I have written numerous times about efficient and effective ways of deploying data in organizations. How to architect, design, execute, govern and manage data in an organization is hard and requires discipline, stamina and courage by all those involved. The challenge increases exponentially when scale and/or complexity increases.
On average a lot of people are involved and something of a common understanding is vital and unfortunately often lacking. As a consultant it is a huge challenge getting management and execution both on the same page, respecting the differences in responsibilities and the level of expertise regarding the field we are operating in.
An abstraction functions as a means of communication across the organization.

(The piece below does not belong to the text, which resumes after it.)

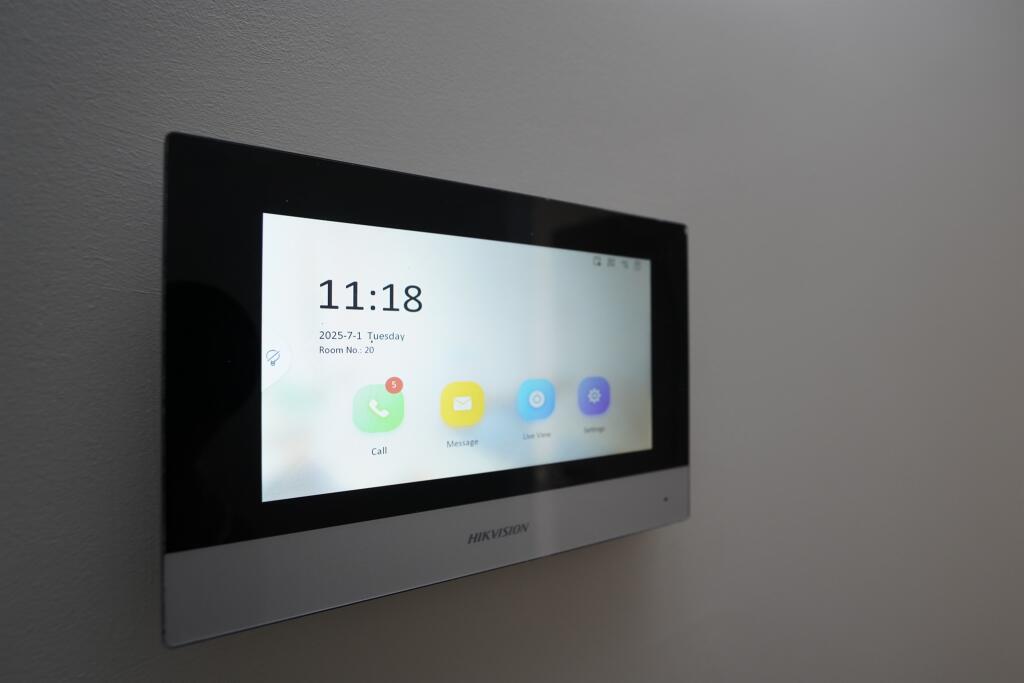 Additional image 9 of Alcester Street, Deritend, Birmingham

An abstraction to which the majority can relate to and that can be used to manage, architect, design, execute, govern and manage the field that is at stake.
For data deployment I came up with the so-called ‘Data Quadrant model’ (DQM).
It starts with a basic assumption that data deployment starts with raw materials and ends up in some sort of product. And in the process of getting raw materials to end products, logistics and manufacturing is required.
It starts with the basic assumption that reliability and flexibility are both wanted, but are mutual exclusive.
It starts with the basic notion that that data needs to be separated into facts and context.
There is only a single version of facts
There are many truths out there
Push systems are to be standardized as much as possible. Only if we standardize we can automate. Holding off any product-specific demand features is vital within push systems. However, the table turns completely when we enter the pull-systems domain.
The push pull point is - in architectural terms - a decoupling point, separating fundamentally different concerns, but it is not the only one. Using this high level of abstraction another decoupling is crucial; development style. Missing this one often results in pain, misery, demotivation, failed projects, dissatisfied users, budget overruns, IT focus, etc…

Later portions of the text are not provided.